• What is being asked
A faithful copy of the data is the goal; set it down exactly, without the images.

• Exercise data
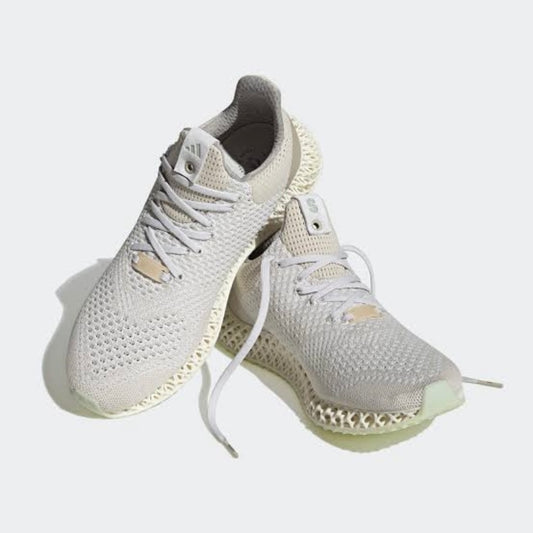 ULTRA 4D SOLEBOX    ALUMIN/DSHGRY/METGRY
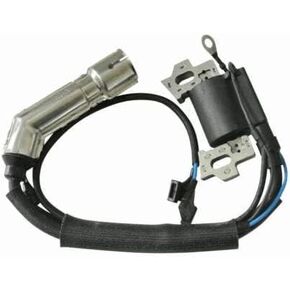IGCLINI Ignition Coil Compatible with MTD Cub Cadet Troy Bilt 951-10646 951-10646A 165-SU 165-SUB 165-SUC 170-SU 265-SUA 265-SU 270-SU 270-SUA 365-SUA 370-SU 370-SUA 370-SUB 375-SU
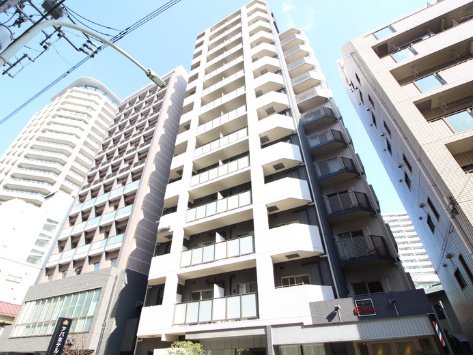 レジディア蒲田Ⅲ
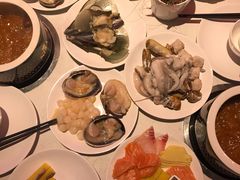 -SEA西雅图海鲜自助餐厅(正义店)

• Result of the task
 ULTRA 4D SOLEBOX    ALUMIN/DSHGRY/METGRY
IGCLINI Ignition Coil Compatible with MTD Cub Cadet Troy Bilt 951-10646 951-10646A 165-SU 165-SUB 165-SUC 170-SU 265-SUA 265-SU 270-SU 270-SUA 365-SUA 370-SU 370-SUA 370-SUB 375-SU
 レジディア蒲田Ⅲ
 -SEA西雅图海鲜自助餐厅(正义店)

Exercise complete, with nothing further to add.